*** Opening LISTED RECORDS ***
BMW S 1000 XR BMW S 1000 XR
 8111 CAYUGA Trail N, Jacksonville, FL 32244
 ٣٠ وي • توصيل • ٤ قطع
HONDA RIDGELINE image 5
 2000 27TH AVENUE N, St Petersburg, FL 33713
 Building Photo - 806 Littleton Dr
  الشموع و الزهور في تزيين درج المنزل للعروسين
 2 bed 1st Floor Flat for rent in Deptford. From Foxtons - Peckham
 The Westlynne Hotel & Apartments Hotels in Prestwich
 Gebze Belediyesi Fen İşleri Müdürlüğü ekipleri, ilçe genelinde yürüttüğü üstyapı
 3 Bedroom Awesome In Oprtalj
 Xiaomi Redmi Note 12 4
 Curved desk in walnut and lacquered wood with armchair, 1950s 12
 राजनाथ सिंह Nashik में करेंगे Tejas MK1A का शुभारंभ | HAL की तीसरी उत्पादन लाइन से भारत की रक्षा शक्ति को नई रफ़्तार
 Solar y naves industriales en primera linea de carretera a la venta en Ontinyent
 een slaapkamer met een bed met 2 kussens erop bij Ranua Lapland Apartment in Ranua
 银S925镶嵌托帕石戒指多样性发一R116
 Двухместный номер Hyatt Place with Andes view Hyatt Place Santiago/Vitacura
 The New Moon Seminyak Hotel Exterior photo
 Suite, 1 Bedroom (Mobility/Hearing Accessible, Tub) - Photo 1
*** Closing LISTED RECORDS ***
YOUR INSTRUCTIONS = Set down exactly what runs from the line with "الشموع و الزهور" to the last line of the data above, including both of those lines and no others.

SOLUTION BELOW =
  الشموع و الزهور في تزيين درج المنزل للعروسين
 2 bed 1st Floor Flat for rent in Deptford. From Foxtons - Peckham
 The Westlynne Hotel & Apartments Hotels in Prestwich
 Gebze Belediyesi Fen İşleri Müdürlüğü ekipleri, ilçe genelinde yürüttüğü üstyapı
 3 Bedroom Awesome In Oprtalj
 Xiaomi Redmi Note 12 4
 Curved desk in walnut and lacquered wood with armchair, 1950s 12
 राजनाथ सिंह Nashik में करेंगे Tejas MK1A का शुभारंभ | HAL की तीसरी उत्पादन लाइन से भारत की रक्षा शक्ति को नई रफ़्तार
 Solar y naves industriales en primera linea de carretera a la venta en Ontinyent
 een slaapkamer met een bed met 2 kussens erop bij Ranua Lapland Apartment in Ranua
 银S925镶嵌托帕石戒指多样性发一R116
 Двухместный номер Hyatt Place with Andes view Hyatt Place Santiago/Vitacura
 The New Moon Seminyak Hotel Exterior photo
 Suite, 1 Bedroom (Mobility/Hearing Accessible, Tub) - Photo 1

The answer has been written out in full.